Avec une nouvelle initiative, la pression de la population augmente
La discussion montre que la Suisse avance à pas beaucoup trop petits. C’est pourquoi l’Alliance climatique – dont Helvetas est membre – a lancé, fin 2024, en collaboration avec le WWF, Greenpeace et des politiciennes et politiciens de tous les partis fédéraux sauf l’UDC, l’Initiative sur la place financière.
L’initiative ne s’adresse pas aux banques locales, mais vise les transactions internationales. Elle ne concerne ni les opérations hypothécaires nationales ni les crédits aux PME. Elle demande que les banques et les assureurs suisses, les gestionnaires de fortune et les caisses de pension exposent, au moyen de ce qu’on appelle des «plans de transition», les stratégies et les objectifs intermédiaires de même que les mesures et les ressources qu’ils utilisent pour orienter leurs activités commerciales avec des entreprises à l’étranger en fonction des objectifs internationaux sur le climat et la biodiversité. L’initiative interdit uniquement le financement et l’assurance de projets d’extraction d’énergies fossiles comme le charbon et le pétrole.

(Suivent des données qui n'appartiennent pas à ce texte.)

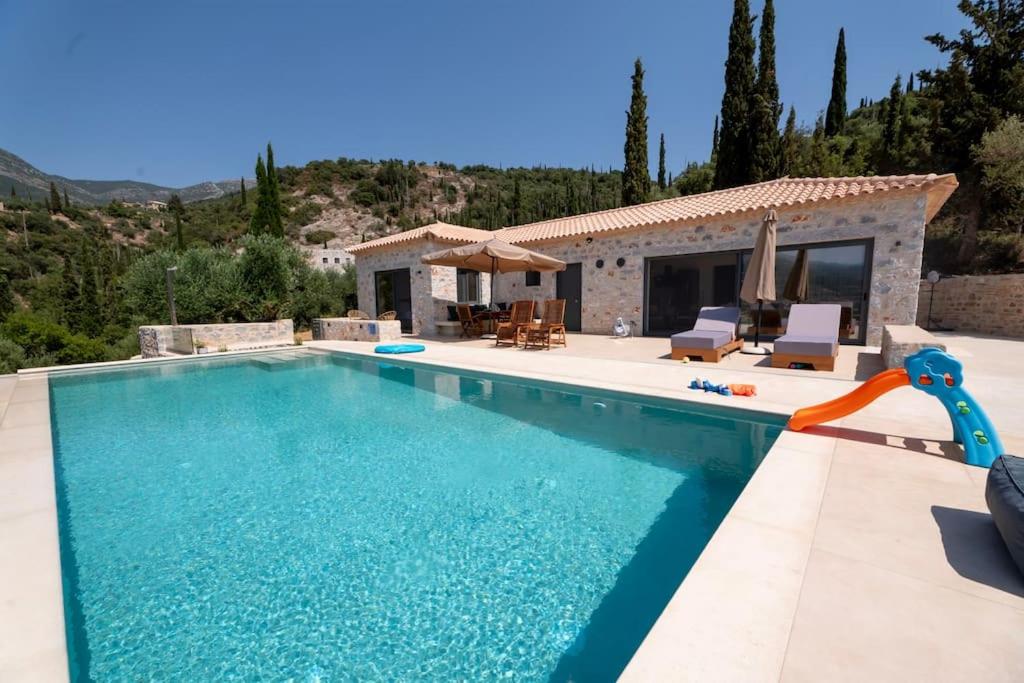 Mani Senses Luxury Villa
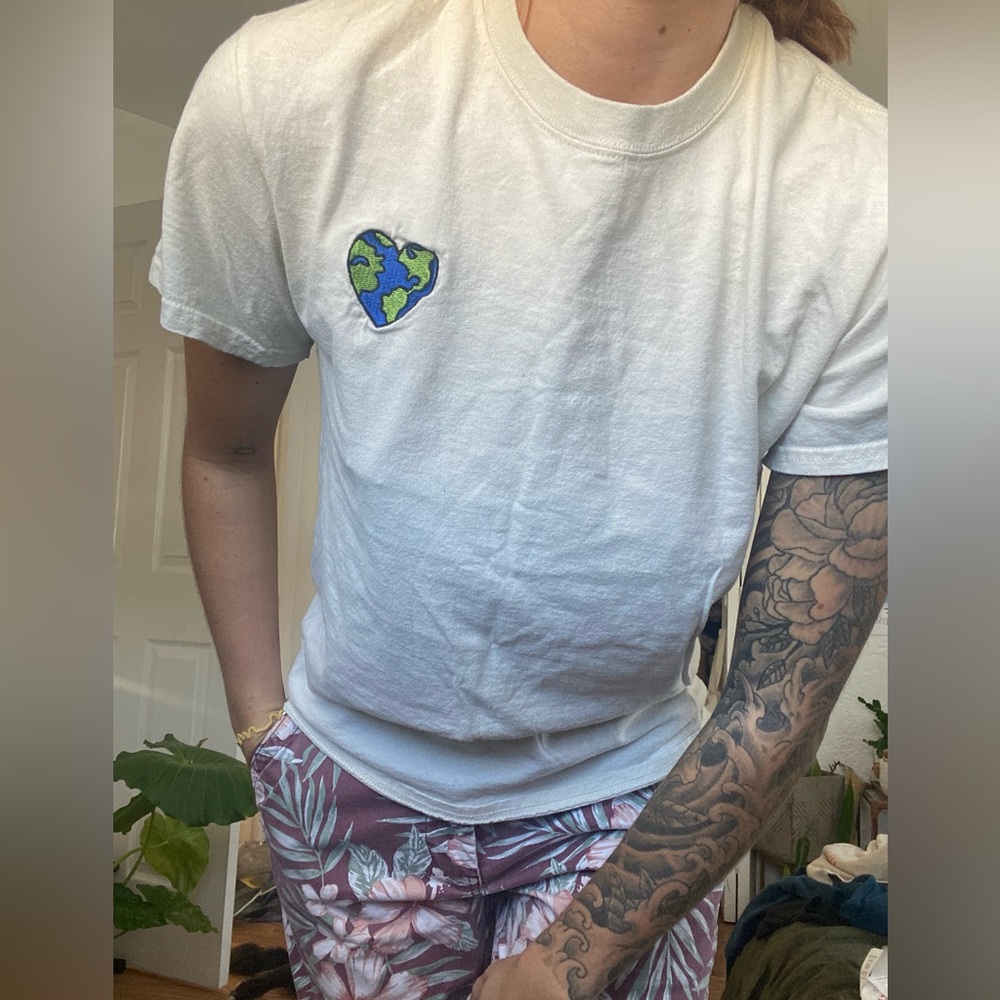 earthy tee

Avec ces objectifs, l’Initiative sur la place financière s’inspire de l’Accord de Paris sur le climat et également de la «Net Zero Roadmap» de l’Agence internationale de l’énergie (AIE). Elle n’est donc pas une revendication de gauche. Son contenu fait depuis longtemps l’objet d’un consensus scientifique sur le climat et a été décidé par les gouvernements au niveau international. Le reproche d’un excès de zèle suisse ne tient pas: l’initiative ne créerait pas un «Swiss Finish» qui désavantagerait la Suisse dans la concurrence internationale. Au contraire, d’autres places financières sont déjà plus avancées et ont introduit une réglementation plus claire, comme celles de Singapour, de la Grande-Bretagne et de l’UE.

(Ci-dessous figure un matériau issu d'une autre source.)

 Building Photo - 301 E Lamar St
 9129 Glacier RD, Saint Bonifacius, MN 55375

Répondre à ses propres exigences
Le Conseil fédéral entend positionner la Suisse comme une place financière responsable et un hub pour la «Sustainable Finance», par exemple avec «Building Bridges», un mouvement basé à Genève qui veut utiliser le pouvoir de la finance pour la durabilité. Or, ce faisant, il n’est pas à la hauteur de ses propres exigences. Si le Conseil fédéral et le Parlement restent encore longtemps inactifs, les électeurs et les électrices auront bientôt le pouvoir d’inscrire dans la Constitution l’obligation pour le secteur financier suisse d’assumer davantage de responsabilités. Alliance Sud, le Do and Think Tank des organisations suisses de développement, soutient l’initiative populaire afin que la Suisse actionne son plus grand levier pour la protection mondiale du climat et prenne des mesures importantes pour ne pas dépasser l’objectif de 1,5 degré de l’Accord de Paris.
Des journées nationales de collecte de signatures sont prévues en avril et en mai 2025. Après le succès de la collecte de signatures pour l’Initiative pour des multinationales responsables, il ne serait pas surprenant que celle sur la place financière recueille également les 100’000 signatures nécessaires. Le Parlement serait alors sollicité et élaborerait probablement un contre-projet valable. La demande d’un secteur financier propre et responsable est trop largement soutenue pour qu’il prenne le risque d’une votation populaire sur l’initiative.